Andy Stokes

No. 44
- Position: Tight end

Personal information
- Born: June 2, 1981 (age 44) St. George, Utah, U.S.
- Height: 6 ft 4 in (1.93 m)
- Weight: 257 lb (117 kg)

Career information
- High school: Moapa Valley (Overton, Nevada)
- College: Snow (2001) William Penn (2002–2004)
- NFL draft: 2005: 7th round, 255th overall pick

Career history
- New England Patriots (2005)*; Arizona Cardinals (2005)*; → Rhein Fire (2006); Seattle Seahawks (2007)*;
- * Offseason and/or practice squad member only

= Andy Stokes =

American football player (born 1981)

Andy Stokes (born June 2, 1981) is an American former professional football tight end. He was selected with the final pick in the 2005 NFL draft, earning him the title of Mr. Irrelevant. Stokes played college football for William Penn University.

==Early life==
Stokes attended Moapa Valley High School in Overton, Nevada, where he was an All-State football player, as well as playing baseball and basketball.

==College career==
Stokes caught 32 passes for 417 yards (13.0 avg.) and a pair of touchdowns as a sophomore. The following year, he caught 30 passes for 408 yards (13.6 avg.) and three scores, adding 23 yards on three rushing attempts (7.7 avg.) and also posted five tackles (4 solos) on special teams. For that performance, he was named All-Mid-States Football Association honorable mention.
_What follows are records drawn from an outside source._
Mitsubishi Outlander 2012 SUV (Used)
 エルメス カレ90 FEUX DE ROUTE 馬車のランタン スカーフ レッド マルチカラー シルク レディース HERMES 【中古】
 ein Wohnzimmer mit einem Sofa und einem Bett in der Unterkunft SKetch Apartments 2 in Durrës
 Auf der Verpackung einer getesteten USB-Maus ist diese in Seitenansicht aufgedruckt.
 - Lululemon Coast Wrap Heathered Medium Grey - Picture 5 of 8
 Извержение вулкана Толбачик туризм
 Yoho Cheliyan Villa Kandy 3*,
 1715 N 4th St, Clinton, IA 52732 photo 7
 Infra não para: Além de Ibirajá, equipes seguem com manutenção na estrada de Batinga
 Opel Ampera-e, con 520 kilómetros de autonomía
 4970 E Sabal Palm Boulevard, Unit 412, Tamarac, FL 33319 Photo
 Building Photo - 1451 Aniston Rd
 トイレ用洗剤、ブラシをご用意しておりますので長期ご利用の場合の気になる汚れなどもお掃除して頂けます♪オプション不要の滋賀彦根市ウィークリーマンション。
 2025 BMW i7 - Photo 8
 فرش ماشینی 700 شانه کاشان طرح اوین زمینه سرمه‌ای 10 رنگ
In 2004, Stokes was awarded third-team NAIA All-America and first-team All-MSFA honors. He was also named to Football Gazette's All-Region team. He finished second on the team with a career-high 42 receptions for 753 yards (17.9 avg.) and five touchdowns. He ran once for 16 yards, threw an option pass for 39 yards and recorded four tackles. In 31 games with the Statesmen, Stokes snatched 104 passes for 1,578 yards (15.2 avg.) and 10 touchdowns. He rushed four times for 39 yards (9.8 avg.) and had a 39-yard pass completion. He also recorded nine tackles (6 solos).

==Professional career==
Stokes was selected by the New England Patriots in the seventh round of the 2005 NFL draft as the 255th overall pick earning the title Mr. Irrelevant an award that goes to the last player picked in the NFL draft. Despite college success, Stokes didn't make an NFL roster. He would play during the offseason with the New England Patriots, Arizona Cardinals, and the Seattle Seahawks.